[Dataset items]
* * * * * * * * *

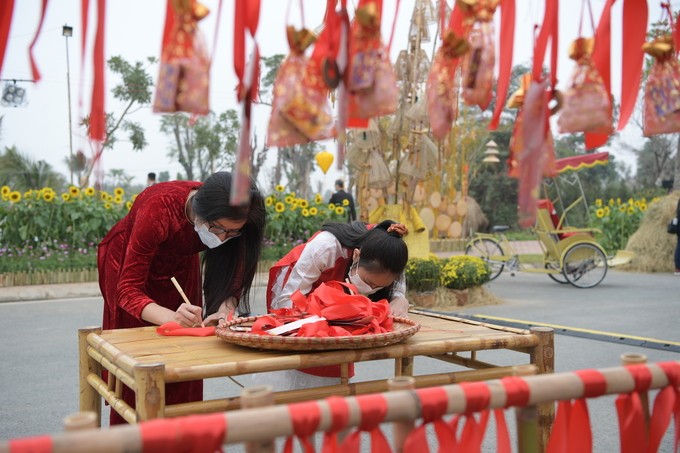 Cảnh đẹp đường đường hoa Tết ở Hoài Đức, Hà Nội 9 Cảnh đẹp đường đường hoa Tết ở Hoài Đức, Hà Nội 9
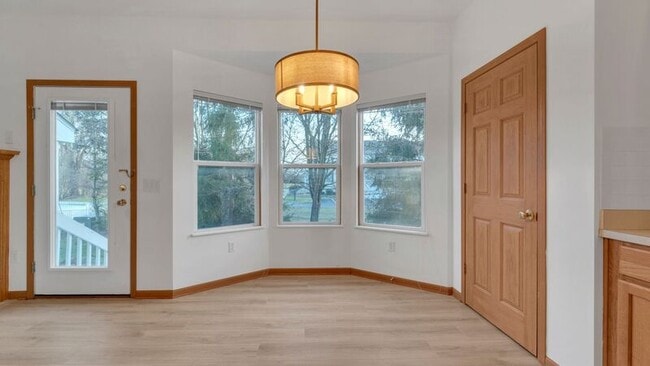 Building Photo - 7275 Winterbek Ave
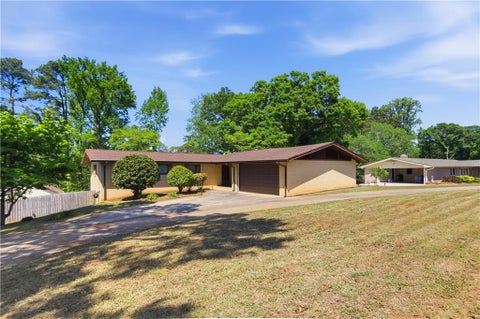 Homes For Sale - 2989 Beechwood Drive<br/> Douglas County, Lithia Springs, GA 30122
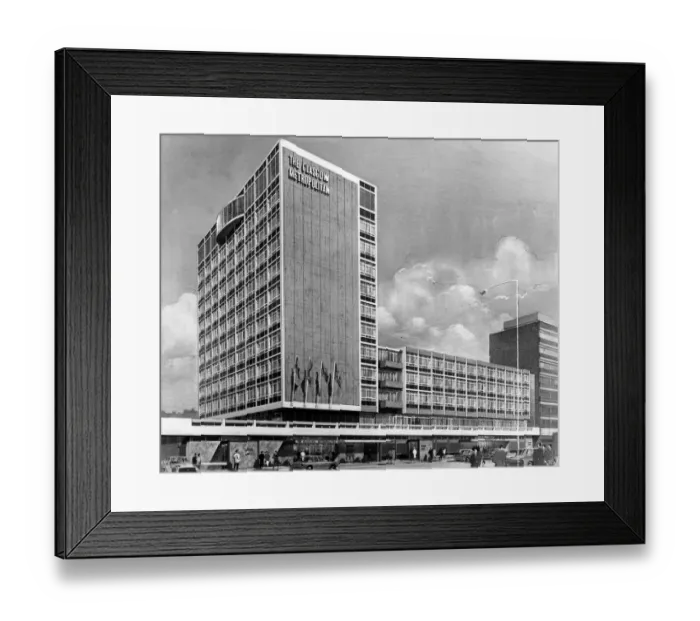 Framed Print : The Glasgow Metropolitan, Scotland Framed Print : The Glasgow Metropolitan, Scotland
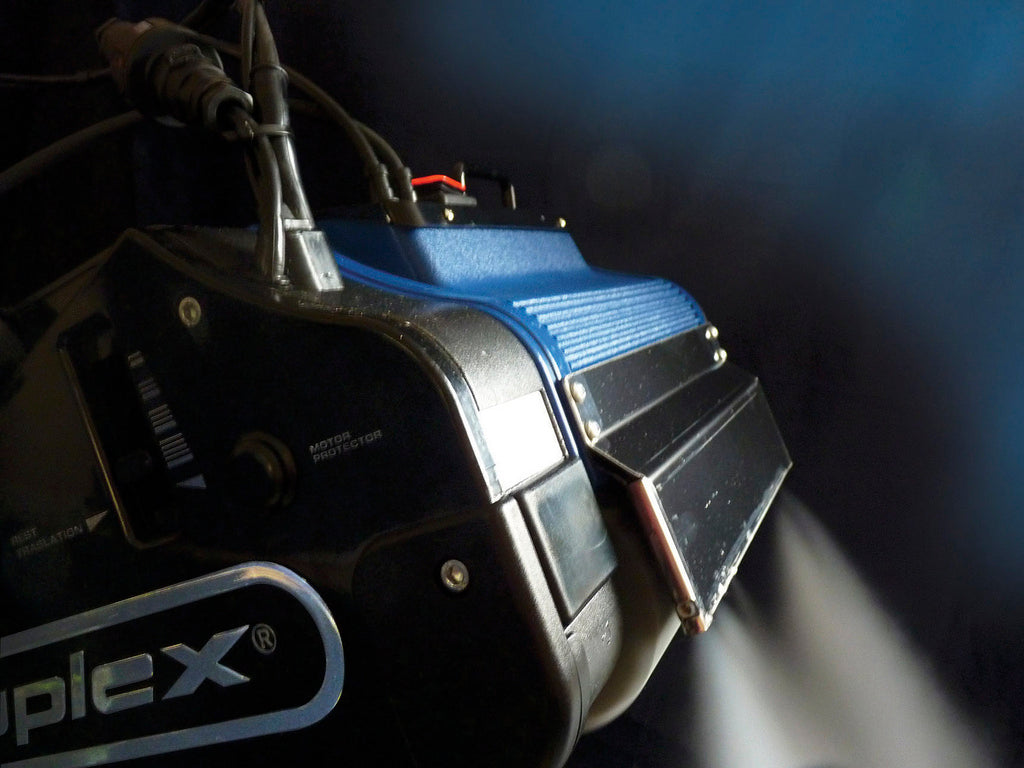 Close-up of Duplex 340 steam output and brush housing during operation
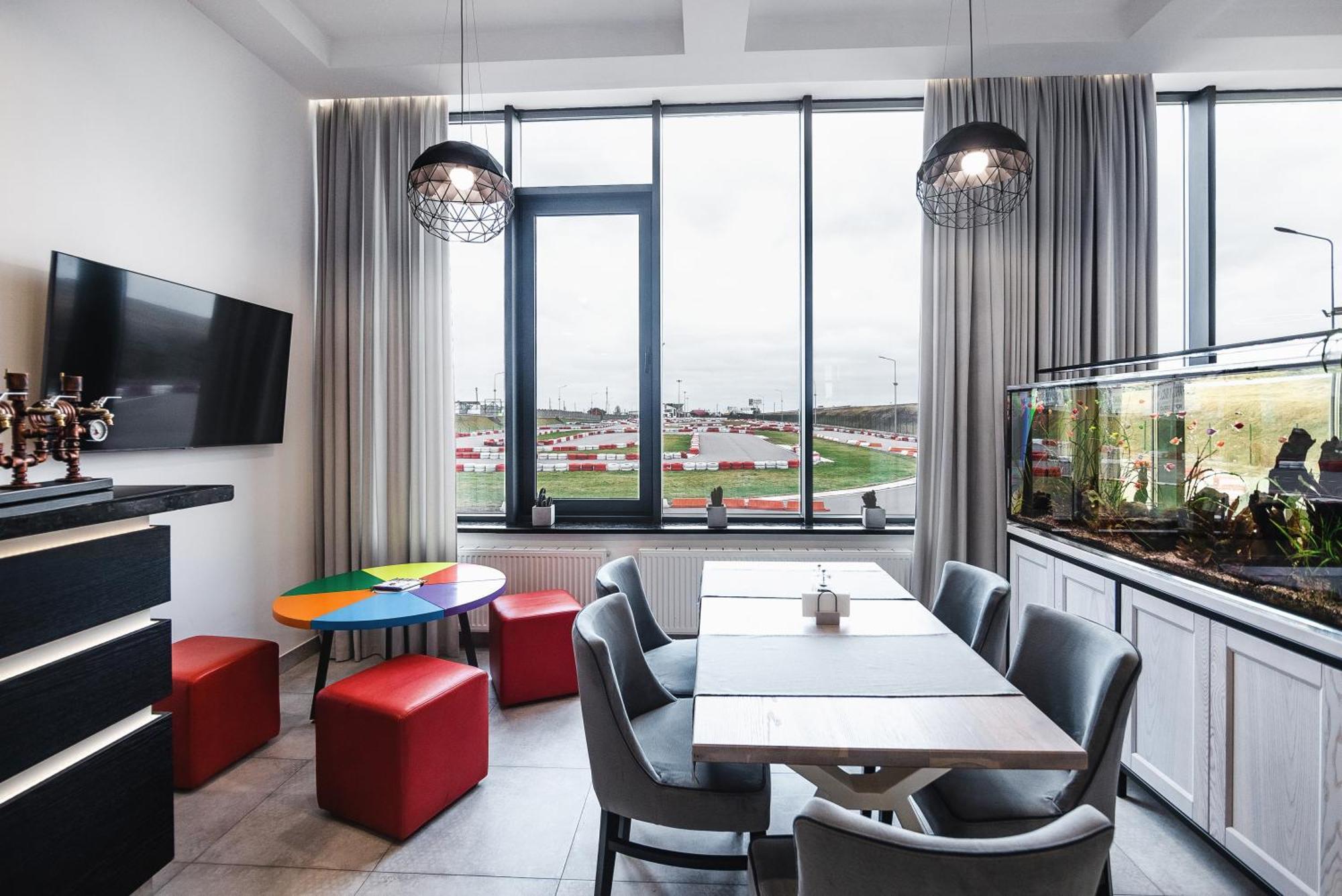 Otto Hotel-Restaurant 리우네 외부 사진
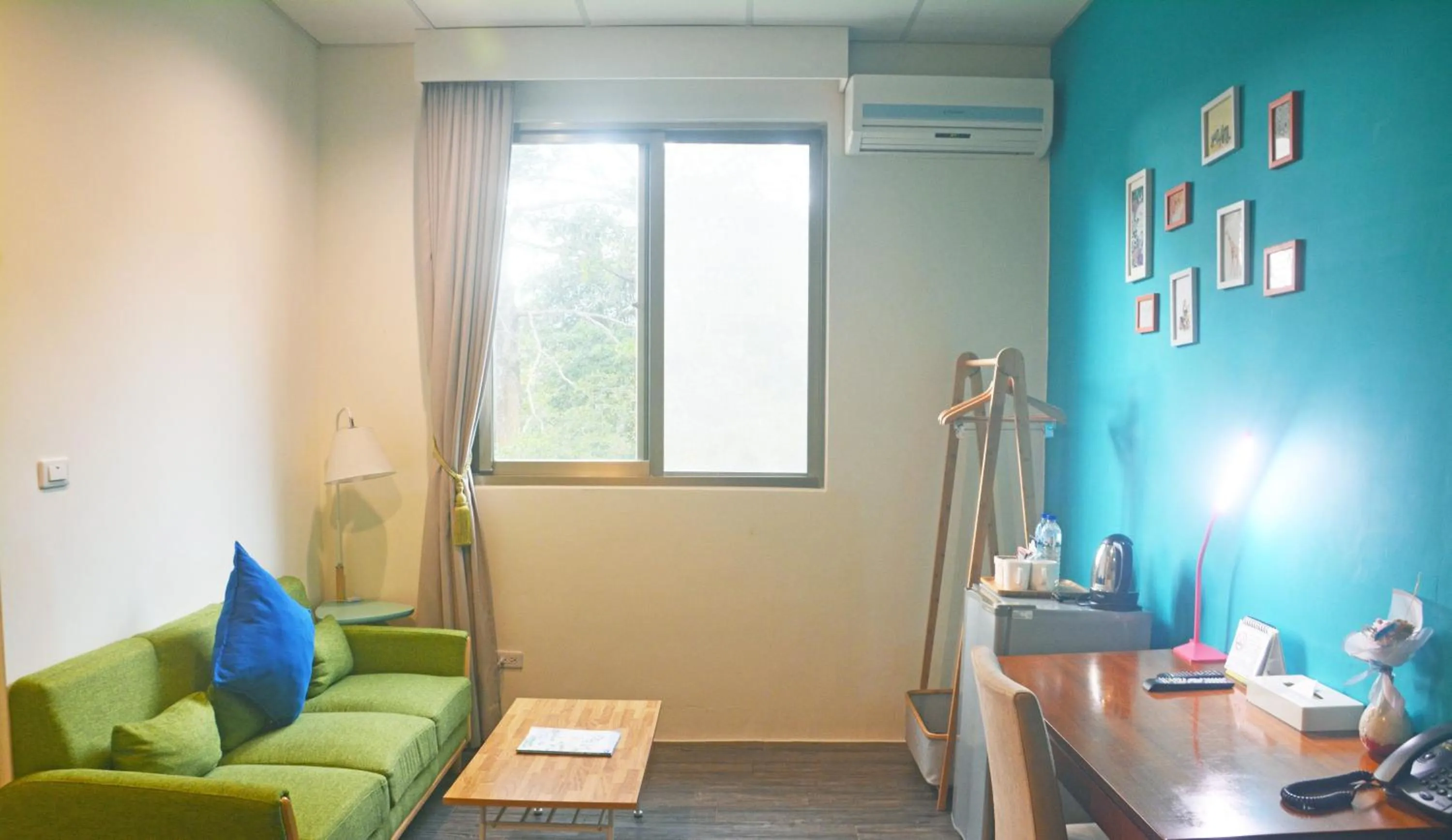 Seating area in NCNU Campus Inn暨大行旅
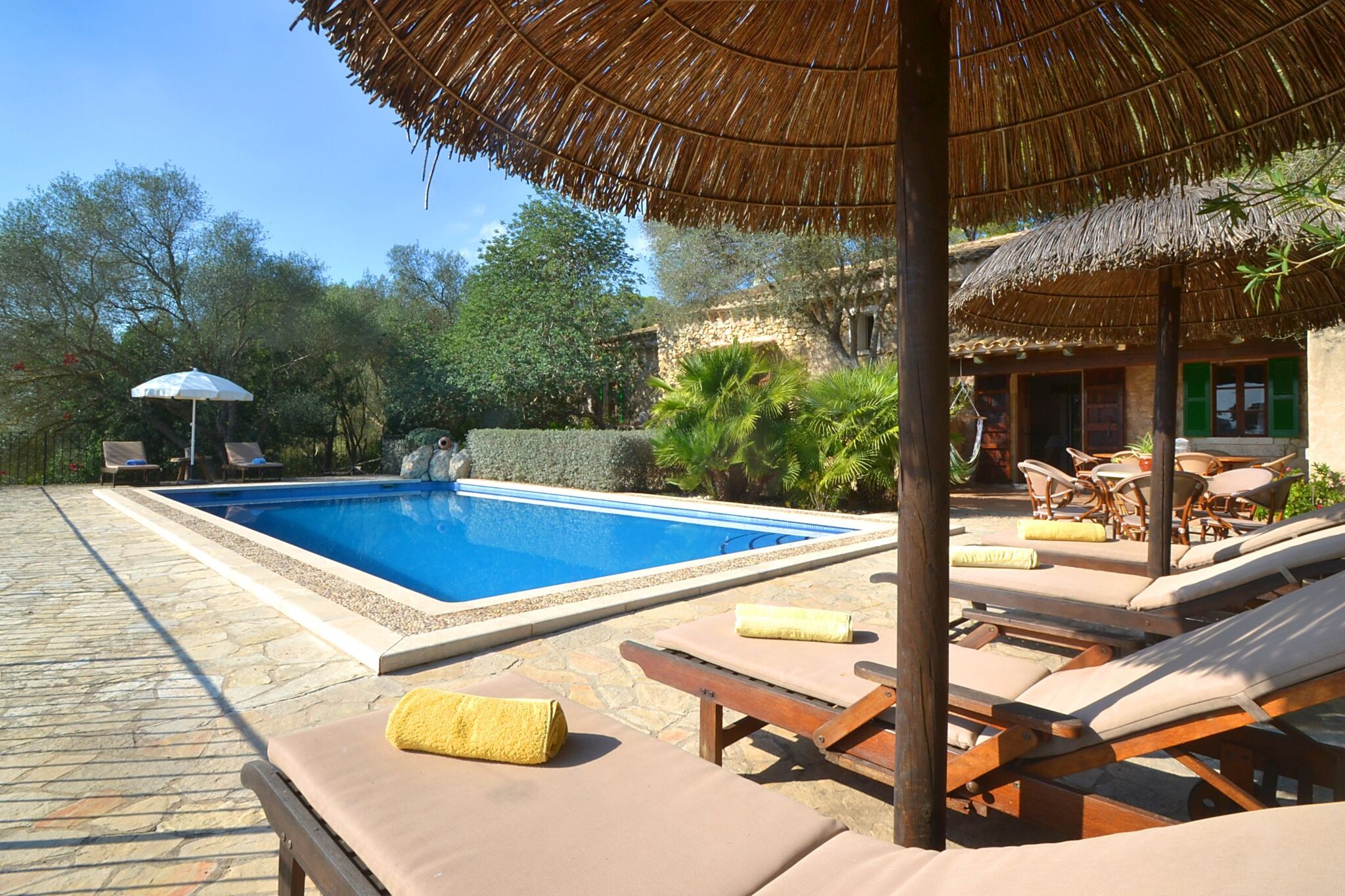 Mallorcaans stenen landhuis met prachtige uitzicht en privézwembad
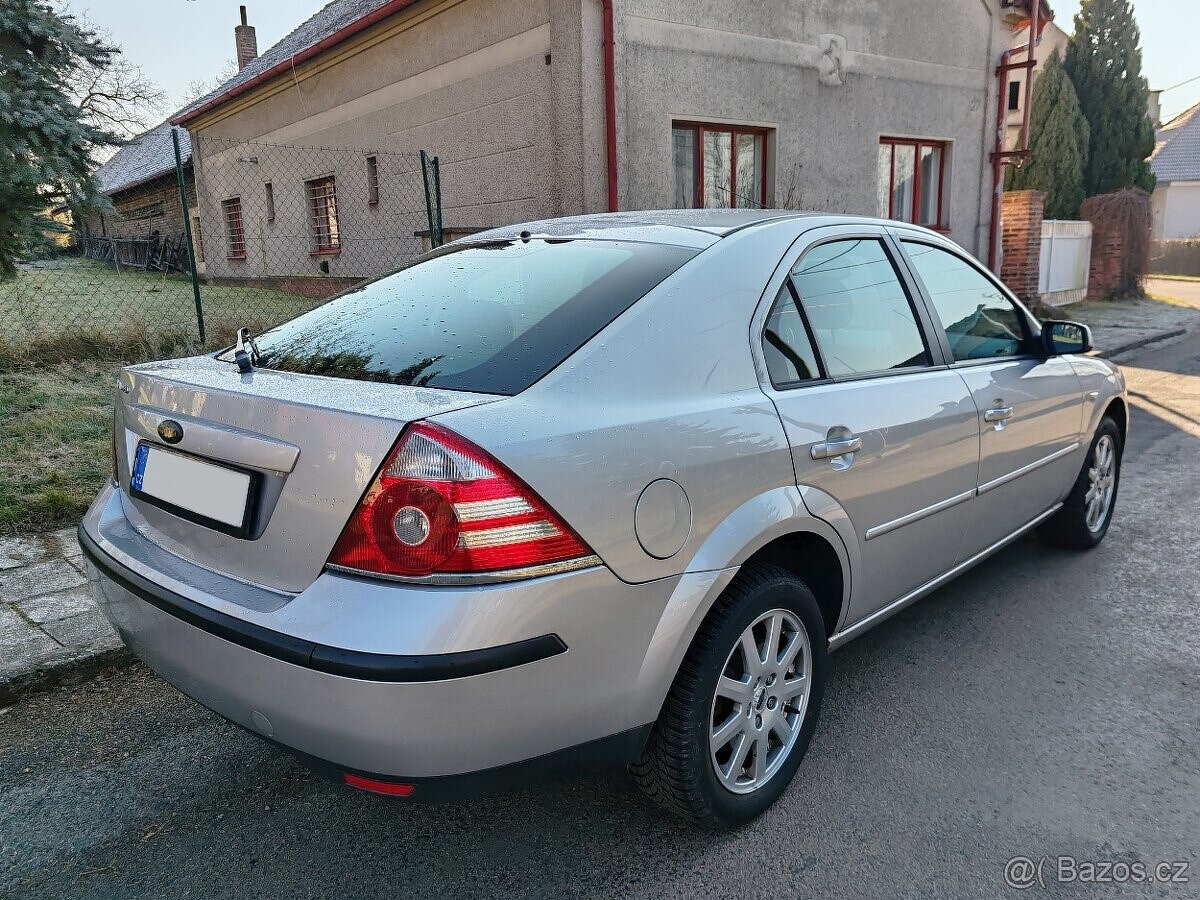 benzínový FORD Mondeo   1.8  92kW    2005     bez koroze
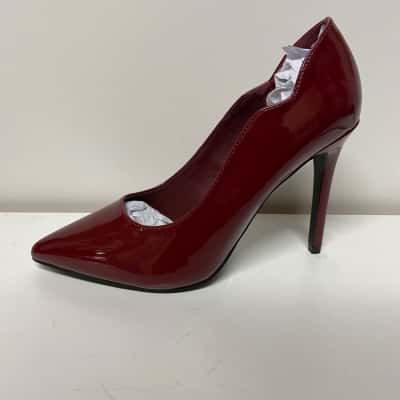 Novo Womens  Size 7 Heels Maroon 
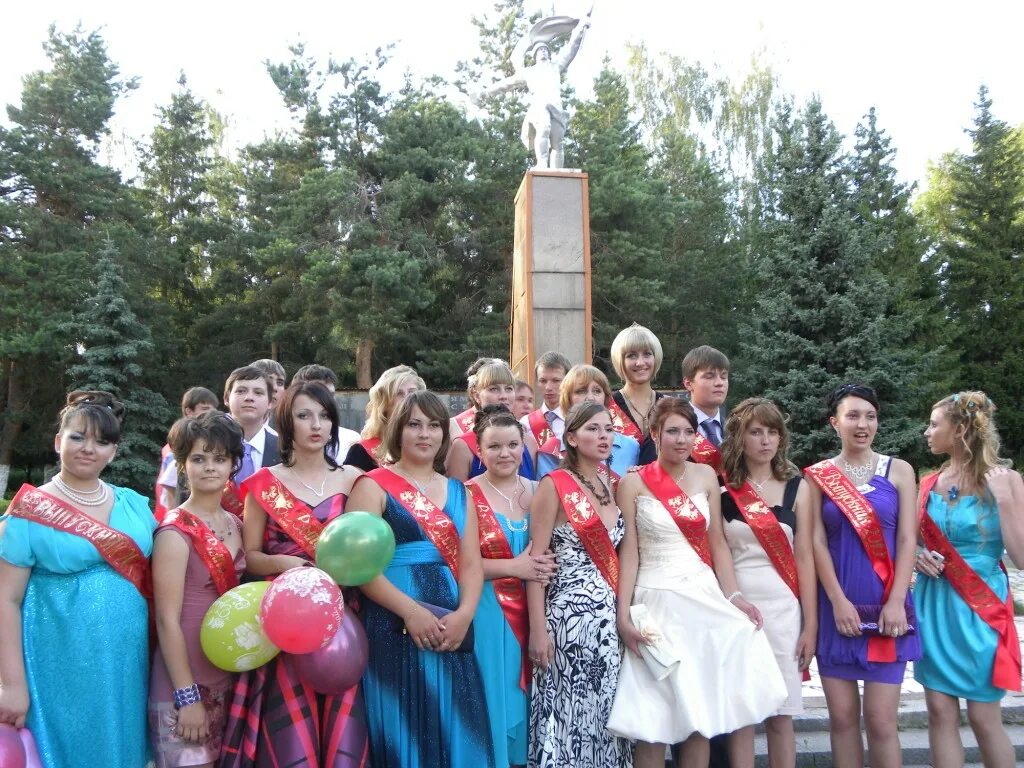 DSCN5957.jpg (Размер: Среднее) - Школа № 6, выпускной вечер - Фото галерея - Фор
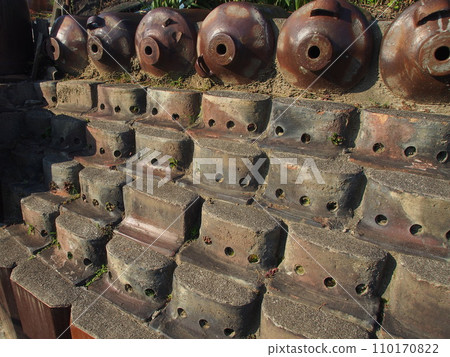 Tokoname City Promenade Clay Pipe 110170822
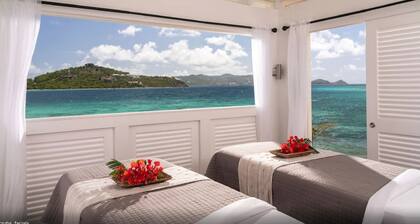 Secure Booking Beachfront Ritz 3 Bedroom Property Concierge Services Included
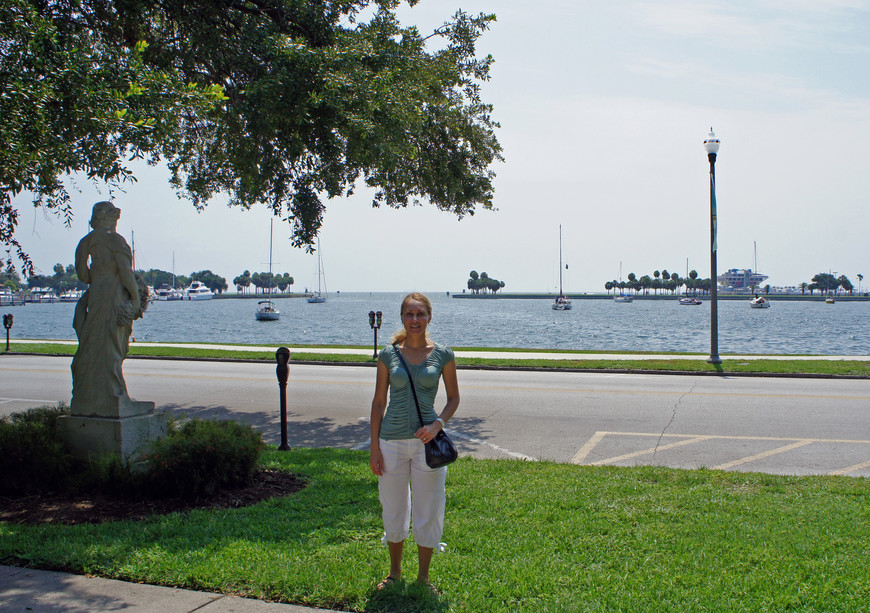 Культурная столица Флориды Ст. Петерсбург, даже девушки мраморные в наличии.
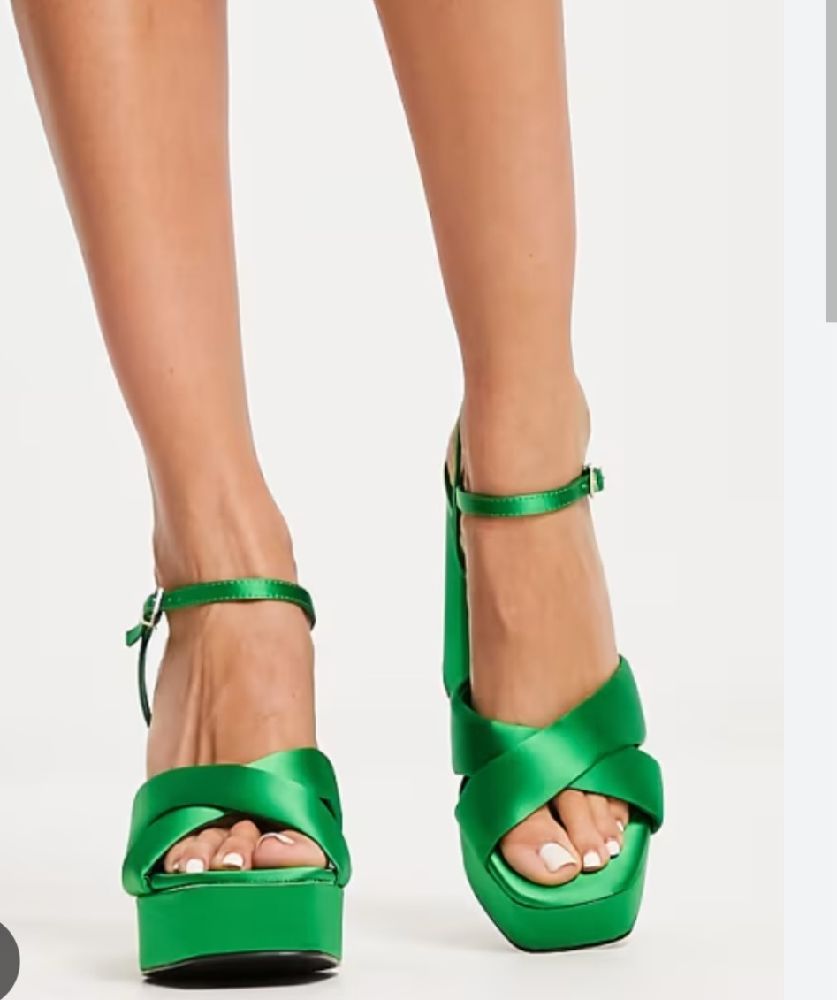 Sandal vert marque stradivarius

* * * * * * * * *

__YOUR INSTRUCTIONS__
Pictures are to be excluded; the records themselves are to be reproduced exactly.

__RESULT OF THE TASK__
 Cảnh đẹp đường đường hoa Tết ở Hoài Đức, Hà Nội 9 Cảnh đẹp đường đường hoa Tết ở Hoài Đức, Hà Nội 9
 Building Photo - 7275 Winterbek Ave
 Homes For Sale - 2989 Beechwood Drive<br/> Douglas County, Lithia Springs, GA 30122
 Framed Print : The Glasgow Metropolitan, Scotland Framed Print : The Glasgow Metropolitan, Scotland
 Close-up of Duplex 340 steam output and brush housing during operation
 Otto Hotel-Restaurant 리우네 외부 사진
 Seating area in NCNU Campus Inn暨大行旅
 Mallorcaans stenen landhuis met prachtige uitzicht en privézwembad
 benzínový FORD Mondeo   1.8  92kW    2005     bez koroze
 Novo Womens  Size 7 Heels Maroon 
 DSCN5957.jpg (Размер: Среднее) - Школа № 6, выпускной вечер - Фото галерея - Фор
 Tokoname City Promenade Clay Pipe 110170822
 Secure Booking Beachfront Ritz 3 Bedroom Property Concierge Services Included
 Культурная столица Флориды Ст. Петерсбург, даже девушки мраморные в наличии.
 Sandal vert marque stradivarius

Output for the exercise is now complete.